Ricotta #makeyourown

After making a case for raw cream, this is a plea for raw milk and the ridiculously easy process of making ricotta 🇮🇹  Spoiler alert: just microwave dat sh*t.

I’ve tried two recipes and methods described by J. Kenji López-Alt in his incredible book ‘The Food Lab‘ and messed up one of them so you don’t have to ♥️

The deal is that when you add acidity to milk, curds start to separate from whey (WHEEEEEY \o/). For some cheeses rennet is used to start this coagulation process, which traditionally comes from stomachs of young animals (NAAAAAY) but now also has vegetal alternatives (YAAAAAY \o/).

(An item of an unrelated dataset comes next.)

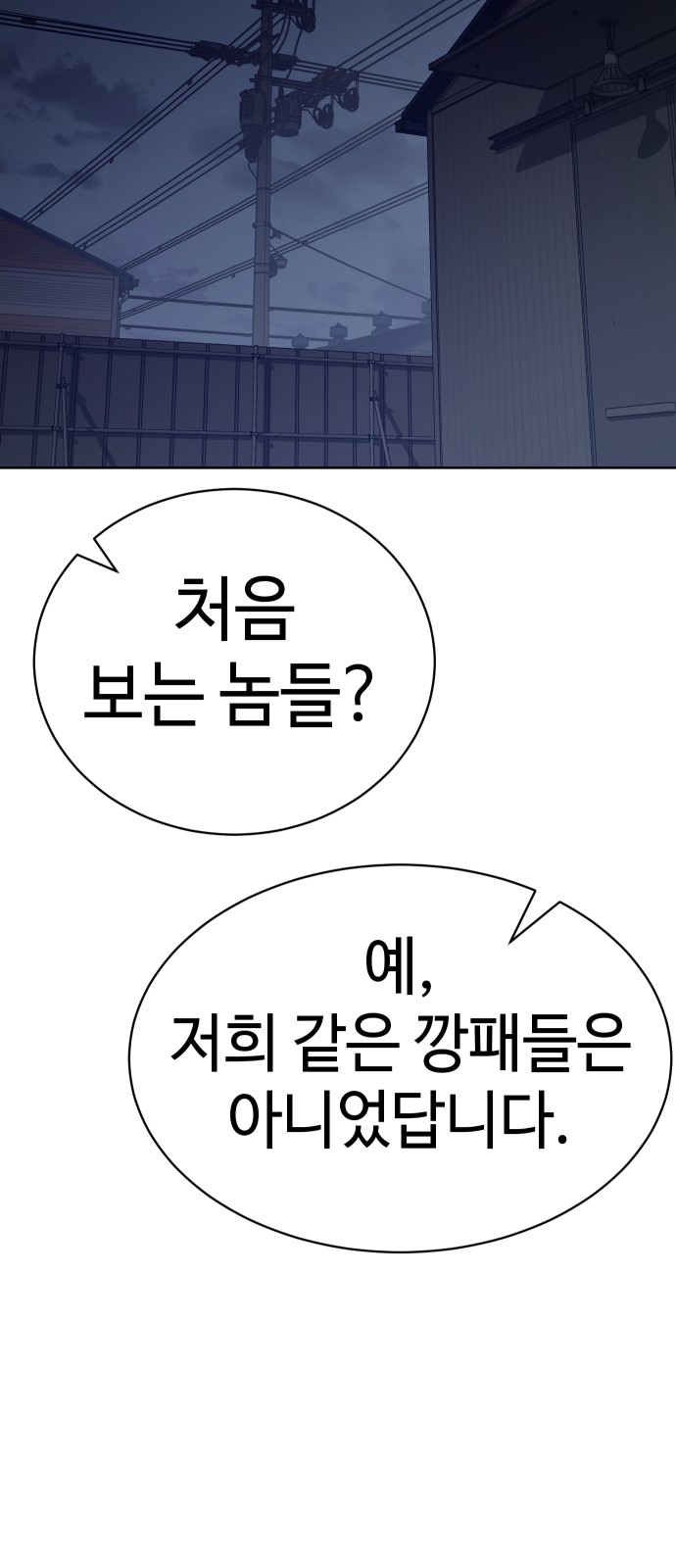 123 페이지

For one portion of ricotta (about 5 tablespoons), you need:

  • 4 cups of whole milk – use rrrrraw 💥  if you can (more about raw cream / milk in this butter post)
  • something acidic: vinegar or the juice of two lemons (for lemony fennel ravioli)
  • salt

The method:

  1. The stove method: Add cup of vinegar and half a teaspoon of salt to 4 cups of milk. You could mess this up by using the wrong type of vinegar like I did and end up with ricotta tasting of, well, vinegar – even if you’re extremely willing not to taste it, like I was. I suggest you use the distilled kind that has about 5 tot 6 % acidity (vs the 12% I used). Heat this in a saucepan, constantly stirring, until it reaches 74 °C. Wait about two minutes for the curds to come floating to the surface. Transfer this to a sieve in which you’ve laid down a folded cheese / nettle cloth to get a very fine mesh. You ideally get just the curds out but I very gently poured it in there, which adds more liquid and thus a longer draining time. Cover this with cling film and let drain to your preferred texture, depending on what you’re going to use your ricotta for (from 5 mins = quite liquid – to hours = very crumbly and dry).
  2. The microwave method: I used this method for the lemon ricotta, knowing I was going to make this lemony fennel ravioli. Just mix milk, the juice of two lemons and half a teaspoon of salt and microwave for about 4 to 6 minutes on high until it reaches 74°C (mine took a few more minutes). Follow the steps described above.